Captioned web image data
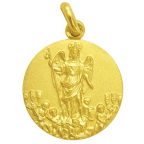 medaille saint raphael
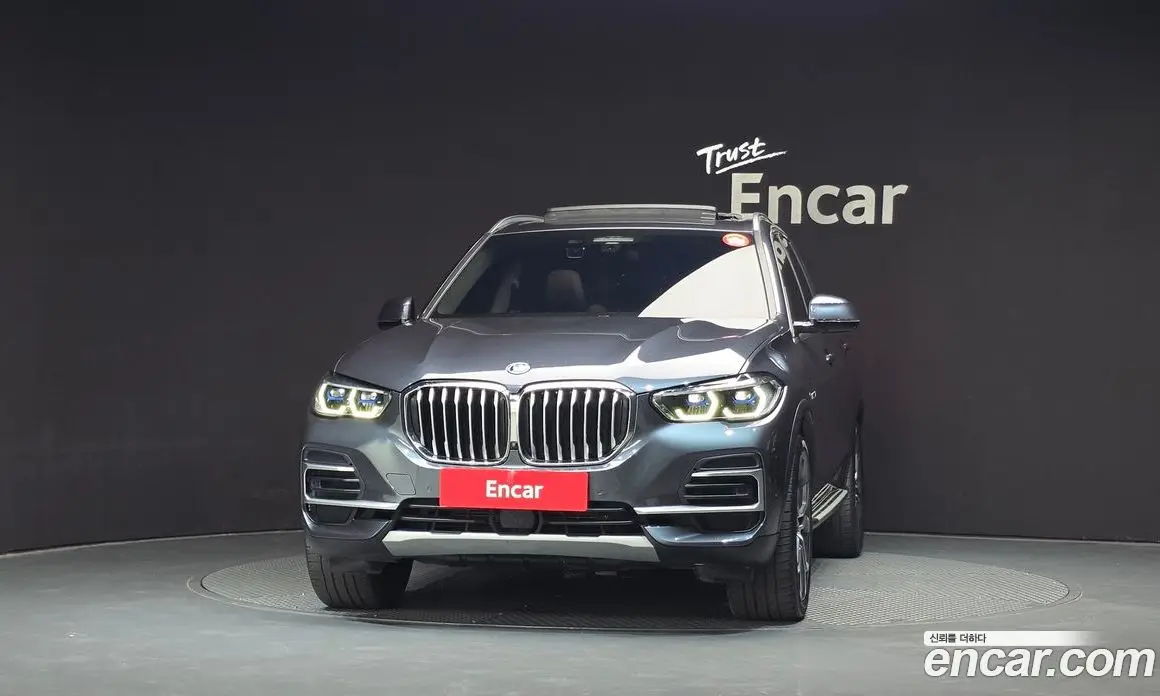 BMW X5 2022 3.0 АКПП, фото 3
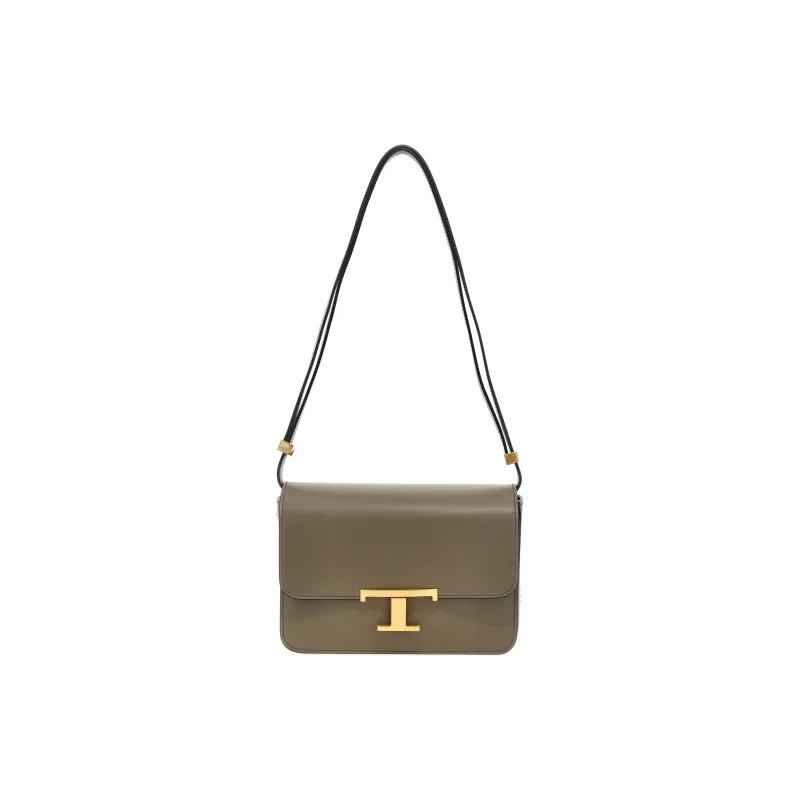 TOD'S T Timeless Mini Crossbody Bag-0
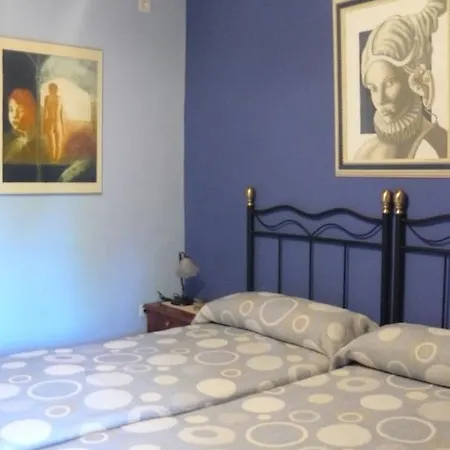 Torre De Campos Ainzon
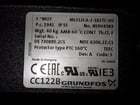 111 GPM @ 136' TDH, Grundfos #MTR20-5/2-A-WB-A-HUUV, Multi-Stage Pump, counter clock wise, 5 HP, 3461 RPM - Image 6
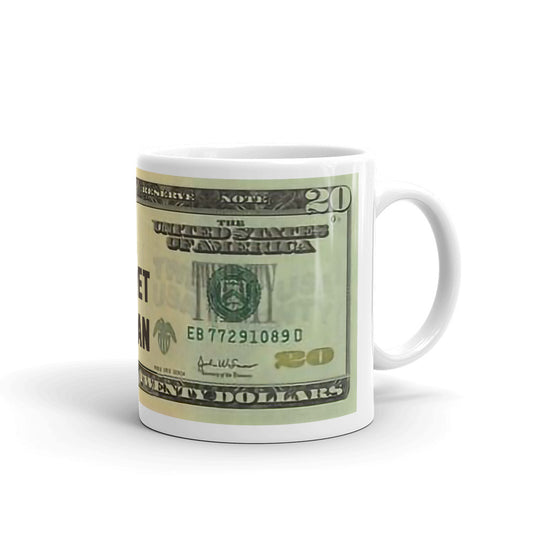 Harriet Tubman Coffee Mug-Degree T Shirts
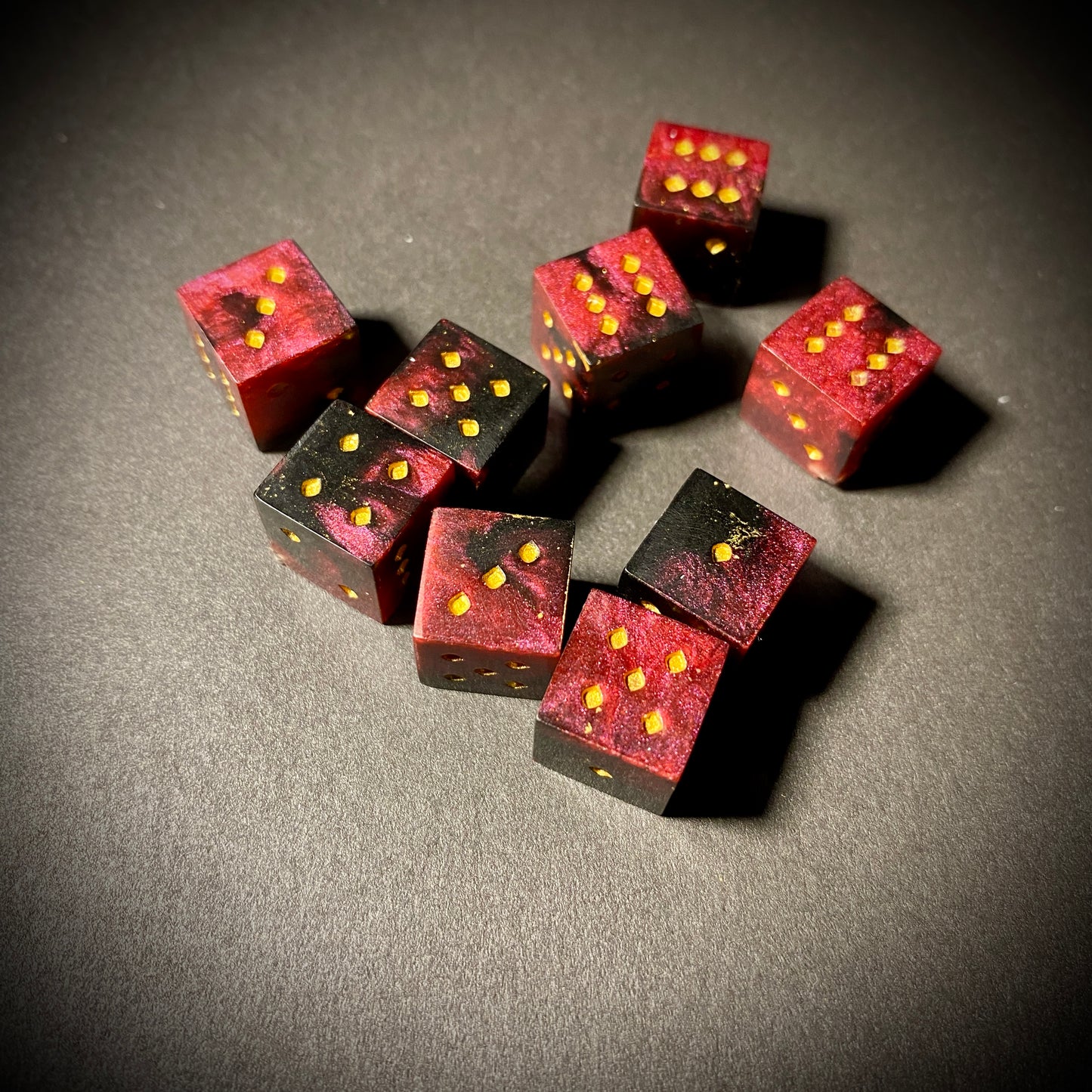 Blood and Coal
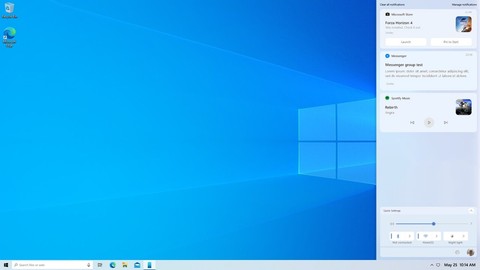 Windows 11 için "Sürükle-Bırak" özelliği geri gelecek!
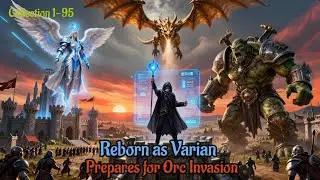 Reborn as Varian, Prepares for Orc Invasion #fantasy #isekai #warcraft #webnovel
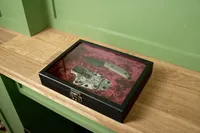 Display Case for an Award Knife and Sheath - view 3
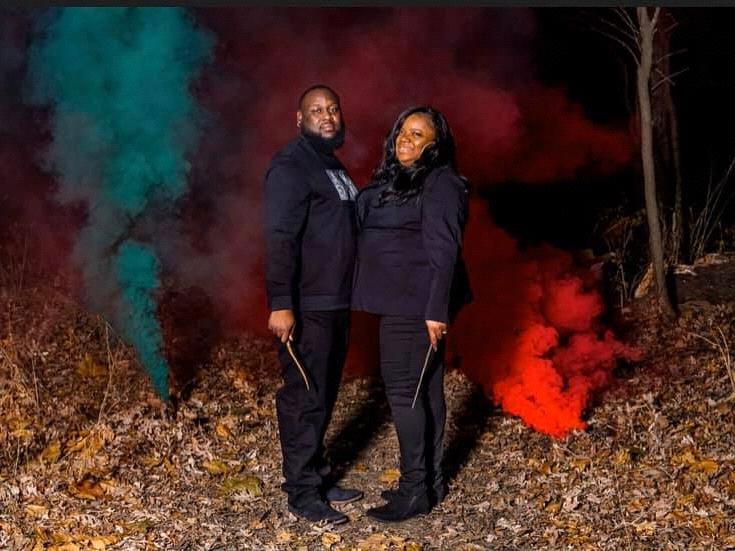 The Wedding Website of Bianca Claybron and Lamar Williams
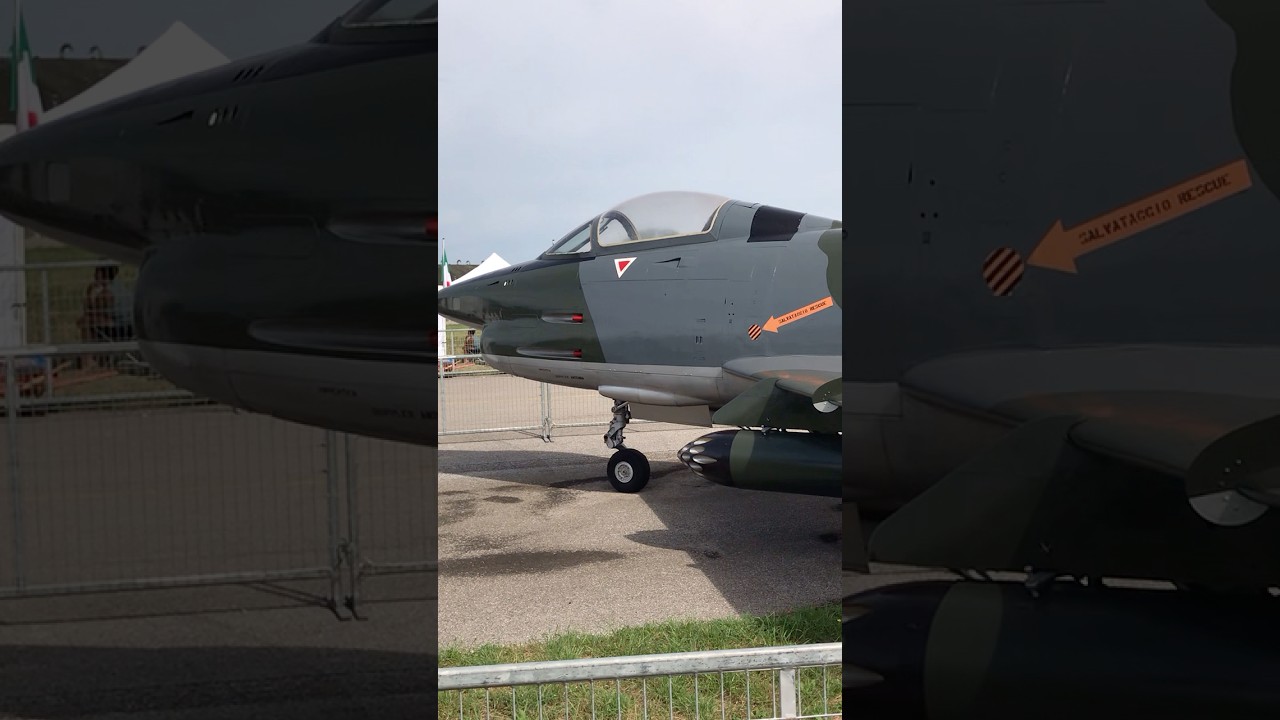 Aeronautica militare G91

→ **Exercise objective**
The required output is every line from the one containing "Display Case for" through the last line of the records, inclusive, reproduced exactly and without pictures.

→ **Reply**
 Display Case for an Award Knife and Sheath - view 3
 The Wedding Website of Bianca Claybron and Lamar Williams
 Aeronautica militare G91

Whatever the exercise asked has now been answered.